Toto Wolff and the Mercedes Formula 1 team are used to being at the top. Frankly, the team is damn near unbeatable and has been for a while. This dominance on track comes with financial gains off track. For example, team boss and CEO Toto Wolff is worth right around $400 to $500 million. Did Mercedes Formula 1 boss Wolff get there not just through blood, sweat, and tears, but through some less than legitimate means as well?
Insider trading at Aston Martin
Before I start, it’s only ethical to state that I owned shares of Aston Martin (ARGGY, AML). However, I have since sold said shares as of June 2021. Now that we have that out of the way, let’s get to it. Le Journal de Montreal recently brought forth a report by the UK’s Financial Conduct Authority that alleges that Mercedes Formula 1 boss Toto Wolff has been accused of insider trading.
Basically, that means that a party knew confidential information about a stock (AML) and made trades of said stock because of that confidential information. In this case, the report alleges that both Toto Wolff and Lawrence Stroll knew something about Aston stock before it was public, and that Stroll made Wolff wise to it. That confidential information was the arrival of new CEO Tobias Moers at Aston Martin. That name may sound unfamiliar, but Moers is a staple in the industry.
Does Toto Wolff have a vested interest in Aston Martin?
Prior to his new position at Aston, Moers was over at Daimler AG (Mercedes-Benz AMG, specifically). He is a massive part of the success of the Mercedes AMG brand as we know it. This came after the big Aston Martin/Mercedes engine deal. Now here’s where it gets interesting. Journal de Montreal says that Wolff acquired a .95% (roughly $36 million) stake in Aston in April 2020. Later, Aston shares shot up in value.
In summary, it has been alleged that Toto Wolff, via Lawrence Stroll, knew about Moers upcoming move to CEO at Aston, and bought shares because of it. Given Moers reputation, it’s possible Wolff made the bet that shares would rise after his appointment. That’s how it allegedly worked on the inside track. Now, let’s talk about how it works for the rest of us.
Both Stroll and Wolff could be in real trouble
I heard the same news in May of 2020, via this article at Car and Driver. Thinking the same thing as Wolff, I bought some shares. I did alright, making some modest gains of a few hundred dollars, largely because Aston is valued at less on the U.S stock market. Wolff? He made millions. Granted, Wolff had much more capital to put into the stock, but the rate of return is what counts.
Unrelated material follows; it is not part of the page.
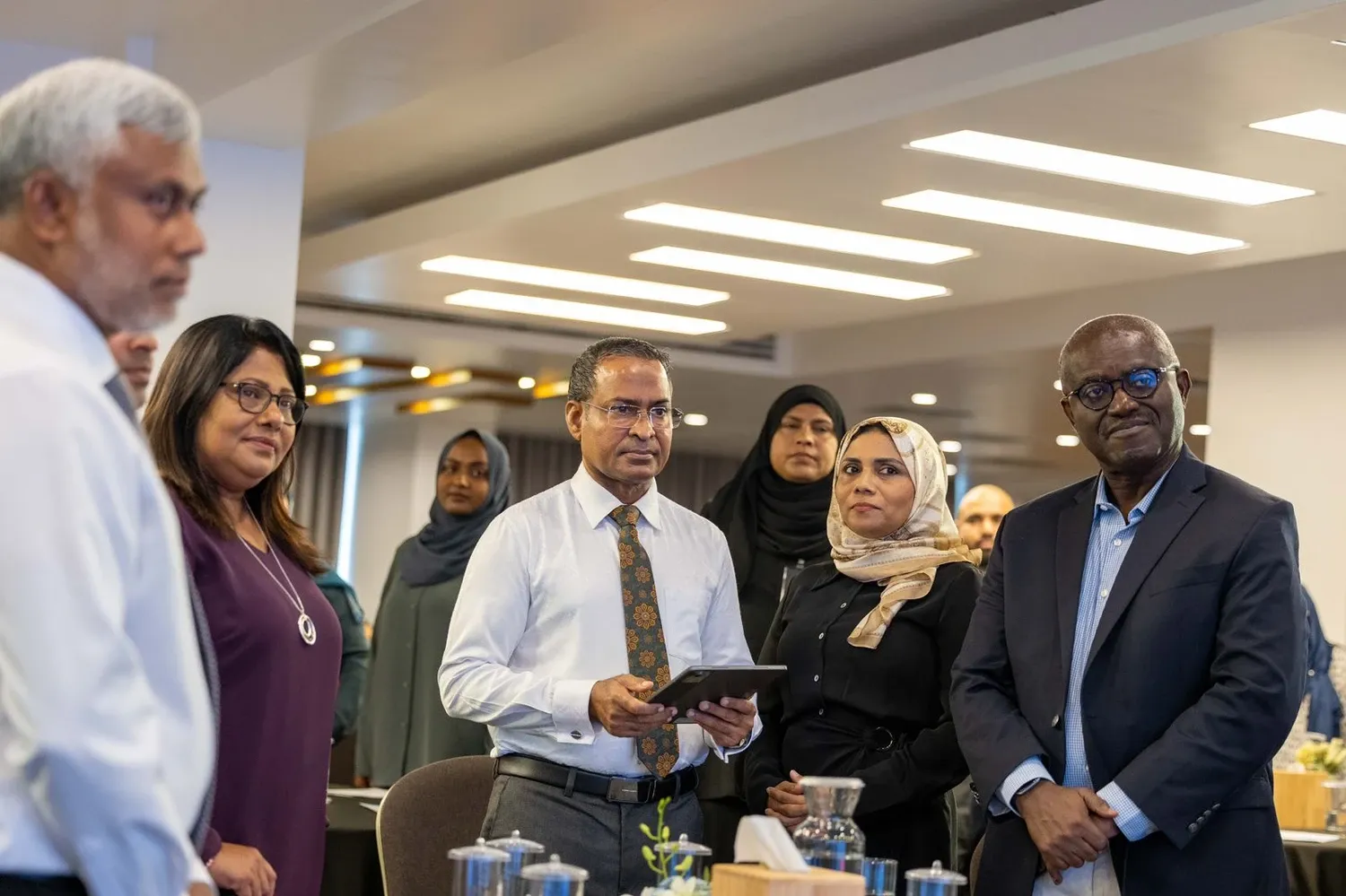 ޤައުމީ ފެމިލީ މީޑިއޭޝަން ތަމްރީނު ޕްރޮގްރާމް ރަސްމީކޮށް މިއަދު ފަށައިފި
In April last year, AML was worth EUR $1401. Now, it’s worth EUR $1962. If you multiply that by Wolff’s stakes in the company, and Stroll’s, there’s a lot of zeros.
Journal de Montreal asked Bradley Lord, Mercedes F1’s head of communications if Wolff knew. Of course, Lord said he didn’t saying “We are not aware of any such action.” For now, we’ll have to wait and see if Mercedes’ potential championship win will be dampened by any legal trouble when the UK’s Financial Conduct Authority concludes their investigation.